Özeti: Davacının yolcu olarak içinde bulunduğu aracın hatalı sollama yapması sonucu karşı yönden gelen başka bir araca çarpması sonucu meydana gelen kaza neticesinde davacının yaralandığı ve kalıcı sakatlığının meydana geldiği beyan edilerek davacı için maddi tazminatın şirketten tahsiline karar verilmesi talep edilmiştir. Haksız fiil sorumluluğunun kabul edilebilmesi için, hukuka aykırı bir fiil olması, failin kusurlu olması, hukuka aykırı fiilden bir zarar meydana gelmiş olması ve zarar ile zarara sebebiyet veren fiil arasında uygun illiyet bağının bulunması şeklinde dört koşulun olması gerekir. Olayla ilgili tutulan kaza tespit tutanağında, çift taraflı olarak meydana gelen bu kazanın oluşumunda sürücünün asli kusurlu olduğu belirtilmiştir. Ancak mahkemece, şirketin cevap dilekçesinde de açıkladığı itirazları incelenmeden sadece maluliyet ve hesap raporu alınarak karar verilmesi usul ve yasaya aykırıdır. Meydana gelen kazada kusur durumlarının dosyaya, oluşa uygun olarak denetime elverişli ve gerekçeli olarak konusunda uzman bilirkişiden rapor alınmak suretiyle tespiti gerekir. Şirketin istinaf başvurusunun kabulü ile sair istinaf itirazları incelenmeksizin ilk derece mahkemesi kararının kaldırılmasına karar verilmesi gerekmektedir.
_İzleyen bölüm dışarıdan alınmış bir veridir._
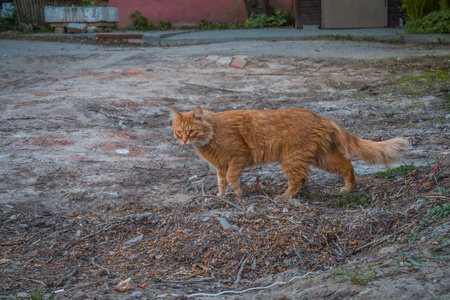 院子里的街红猫。 夏日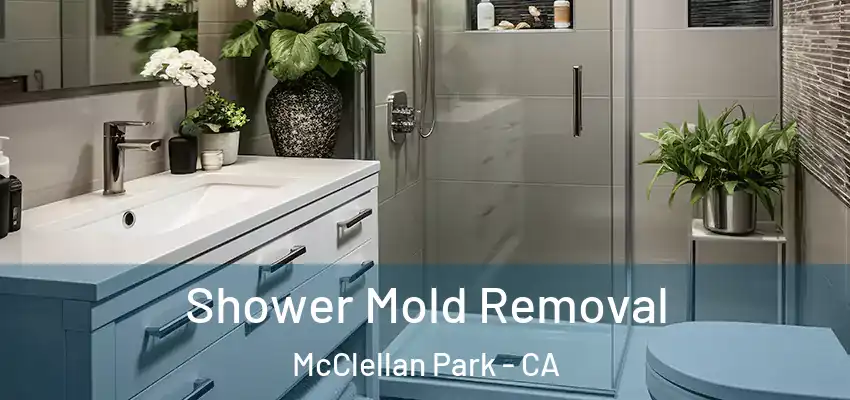  Shower Mold Removal McClellan Park - CA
Şanlıurfa 2. Asliye Hukuk Mahkemesi'nin 09/07/2018 tarih ve 2014/396 esas ve 2018/678 karar sayılı kararı aleyhine davalı vekili istinaf başvurusunda bulunduğundan dosyanın yapılan incelemesi sonunda;

Gereği düşünüldü:

Davacı vekili dava dilekçesinde özetle; 16/06/2012 tarihinde Şanlıurfa -Mardin karayolu üzerinde müvekkilinin yolcu olarak içinde bulunduğu 34 A.... plakalı ve M. T. sevk ve idaresindeki aracın hatalı sollama yapması sonucu karşı yönden gelen başka bir araca çarpması sonucu meydana gelen kaza neticesinde müvekkilinin yaralandığını ve kalıcı sakatlığının meydana geldiğini, beyan ederek tüm bu nedenlerle fazlaya ilişkin haklarının saklı kalması kaydı ile müvekkili için 1.000,00 TL maddi (işgöremezlik) tazminatın davalı şirketten tahsiline, karar verilmesini, mahkeme masrafları ile vekalet ücretinin karşı tarafa yükletilmesine karar verilmesini talep etmiştir. Davacı vekili yargılama sırasında talebini 6.820,54 TL olarak ıslah etmiştir.
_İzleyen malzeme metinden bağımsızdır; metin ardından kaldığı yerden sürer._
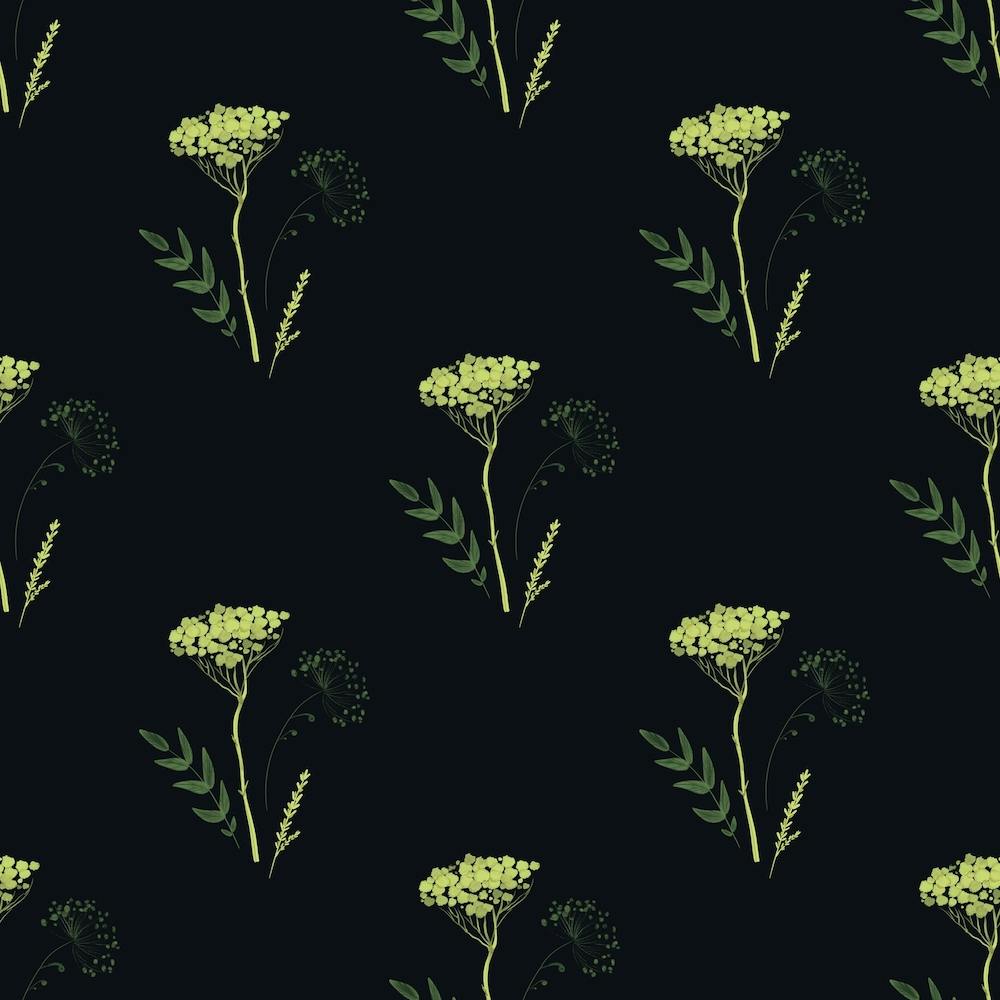 Yarrow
Davalı vekili cevap dilekçesinde özetle; davanın haksız ve kötü niyetli olarak açıldığını, davanın reddine karar verilmesini talep etmiştir.
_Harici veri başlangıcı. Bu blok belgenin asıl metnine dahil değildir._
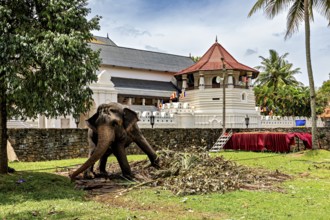 An elephant stands in front of a historic building in a tropical setting, a chained temple elephant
İlk derece mahkemesince yapılan yargılama sonunda davanın kabulüyle 6.820,54 TL alacağın dava tarihi olan 05/05/2014 tarihinden itibaren işleyecek yasal faizi ile birlikte davalı taraftan alınarak davacı tarafa verilmesine karar verilmiştir.

İstinaf kanun yoluna başvuran davalı vekili dilekçesinde özetle; kusur raporu alınmadan hüküm kurulduğunu, hükmedilen tazminata hatır taşıması indirimi yapılmadığını, müterafik kusur indirimi yapılmasını gerektiğini belirterek yerel mahkeme kararının kaldırılmasını talep etmiştir.

Dava, trafik kazası sonucu yaralanma nedeniyle tazminat talebine ilişkindir.

HMK'nın 355. maddesi uyarınca istinaf itirazları ve kamu düzenine ilişkin hususlarla sınırlı olarak yapılan inceleme sonunda;

1-)Öncelikle haksız fiil sorumluluğunun kabul edilebilmesi için, hukuka aykırı bir fiil olması, failin kusurlu olması, hukuka aykırı fiilden bir zarar meydana gelmiş olması ve zarar ile zarara sebebiyet veren fiil arasında uygun illiyet bağının bulunması şeklinde dört koşulun olması gerekir. Olayla ilgili tutulan kaza tespit tutanağında, belirtildiği üzere çift taraflı olarak meydana gelen bu kazanın oluşumunda sürücü M. T.'un asli kusurlu olduğu belirtilmiştir. Ancak mahkemece, davalı vekilinin 30/05/2014 tarihli cevap dilekçesinde de açıkladığı itirazları incelenmeden sadece maluliyet ve hesap raporu alınarak karar verilmesi usul ve yasaya aykırı olup, 16/06/2012 tarihinde meydana gelen kazada kusur durumlarının dosyaya, oluşa uygun olarak denetime elverişli ve gerekçeli olarak konusunda uzman bilirkişiden rapor alınmak suretiyle tespiti gerekir.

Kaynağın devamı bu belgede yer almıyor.